#### DATA
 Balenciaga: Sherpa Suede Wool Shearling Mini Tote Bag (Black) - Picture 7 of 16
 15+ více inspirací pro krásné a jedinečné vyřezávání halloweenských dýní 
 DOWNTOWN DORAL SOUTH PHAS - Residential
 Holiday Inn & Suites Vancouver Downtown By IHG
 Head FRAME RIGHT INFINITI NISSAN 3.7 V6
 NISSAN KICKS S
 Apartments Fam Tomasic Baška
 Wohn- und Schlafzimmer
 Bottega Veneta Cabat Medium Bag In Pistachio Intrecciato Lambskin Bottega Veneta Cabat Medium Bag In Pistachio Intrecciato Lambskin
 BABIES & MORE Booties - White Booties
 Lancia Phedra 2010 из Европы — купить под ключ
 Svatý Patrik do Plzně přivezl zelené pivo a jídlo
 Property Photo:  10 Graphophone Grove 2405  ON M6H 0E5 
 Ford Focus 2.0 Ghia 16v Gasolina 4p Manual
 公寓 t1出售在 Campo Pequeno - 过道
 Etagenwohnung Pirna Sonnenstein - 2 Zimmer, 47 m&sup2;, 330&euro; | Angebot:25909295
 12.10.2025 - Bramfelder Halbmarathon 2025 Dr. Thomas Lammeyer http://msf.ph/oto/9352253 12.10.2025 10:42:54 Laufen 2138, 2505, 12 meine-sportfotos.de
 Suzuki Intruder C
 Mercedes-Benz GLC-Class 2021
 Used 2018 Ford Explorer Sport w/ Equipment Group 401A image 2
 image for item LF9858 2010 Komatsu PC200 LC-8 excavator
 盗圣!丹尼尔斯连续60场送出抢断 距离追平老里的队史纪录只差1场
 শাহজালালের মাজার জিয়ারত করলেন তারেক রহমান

#### TASK BRIEF
The records above are to be written out again word for word.

#### SOLUTION TO THE PROBLEM
 Balenciaga: Sherpa Suede Wool Shearling Mini Tote Bag (Black) - Picture 7 of 16
 15+ více inspirací pro krásné a jedinečné vyřezávání halloweenských dýní 
 DOWNTOWN DORAL SOUTH PHAS - Residential
 Holiday Inn & Suites Vancouver Downtown By IHG
 Head FRAME RIGHT INFINITI NISSAN 3.7 V6
 NISSAN KICKS S
 Apartments Fam Tomasic Baška
 Wohn- und Schlafzimmer
 Bottega Veneta Cabat Medium Bag In Pistachio Intrecciato Lambskin Bottega Veneta Cabat Medium Bag In Pistachio Intrecciato Lambskin
 BABIES & MORE Booties - White Booties
 Lancia Phedra 2010 из Европы — купить под ключ
 Svatý Patrik do Plzně přivezl zelené pivo a jídlo
 Property Photo:  10 Graphophone Grove 2405  ON M6H 0E5 
 Ford Focus 2.0 Ghia 16v Gasolina 4p Manual
 公寓 t1出售在 Campo Pequeno - 过道
 Etagenwohnung Pirna Sonnenstein - 2 Zimmer, 47 m&sup2;, 330&euro; | Angebot:25909295
 12.10.2025 - Bramfelder Halbmarathon 2025 Dr. Thomas Lammeyer http://msf.ph/oto/9352253 12.10.2025 10:42:54 Laufen 2138, 2505, 12 meine-sportfotos.de
 Suzuki Intruder C
 Mercedes-Benz GLC-Class 2021
 Used 2018 Ford Explorer Sport w/ Equipment Group 401A image 2
 image for item LF9858 2010 Komatsu PC200 LC-8 excavator
 盗圣!丹尼尔斯连续60场送出抢断 距离追平老里的队史纪录只差1场
 শাহজালালের মাজার জিয়ারত করলেন তারেক রহমান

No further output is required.